The industry has matured considerably from the industry shakeout of 2012. Now that the market has come closer to equilibrium, companies are now looking to PV demand as the proxy for future strategy. The industry consensus is of a return to high installation growth in 2014. IHS predicted back in December 2013 that 2014 would see that strongest growth in three years with installations reaching 40-45 GW. These increasing demand forecasts are compelling leading manufacturers to expand production capacities in order maintain and improve their respective market shares.

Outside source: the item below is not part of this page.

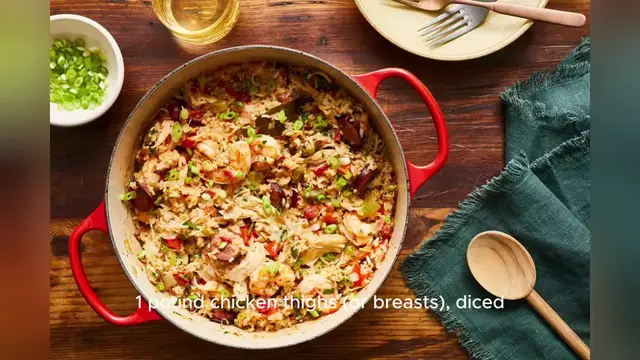 Video thumbnail for jambalaya recipe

While there are expansions underway in developed solar regions of the United States, European Union and China, PV manufacturers are gaining interest in running operations in emerging markets, a trend that is expected to result in new factory openings and boosting local capital spending in areas such as the Middle East, South America and parts of Africa in the long term."

Background

Chinese manufacturer Canadian Solar and U.S.-based SunPower have both confirmed their plans to expand production capacity and increasing capital expenditures. In SEC filings related to its latest stock offering to raise around US$200 million, Canadian Solar noted that one of the key reasons for raising capital was for further expansion of module manufacturing capacity to 3GW to meet growing demand. The same filing also revealed that the company had increased module assembly capacity at its plant in Ontario, Canada from 330MW at the end of 2013 to 530MW of as of January 31, 2014. Meanwhile, SunPower has guided that its capital expenditures in 2014 would nearly double that of 2013. The company reported that 2014 capital spending would be in the range of $150 million to $170 million, an increase of approximately 90% from its original guidance of $70 million to $90 million. IHS expects other manufacturers to make similar expansion plans throughout 2014.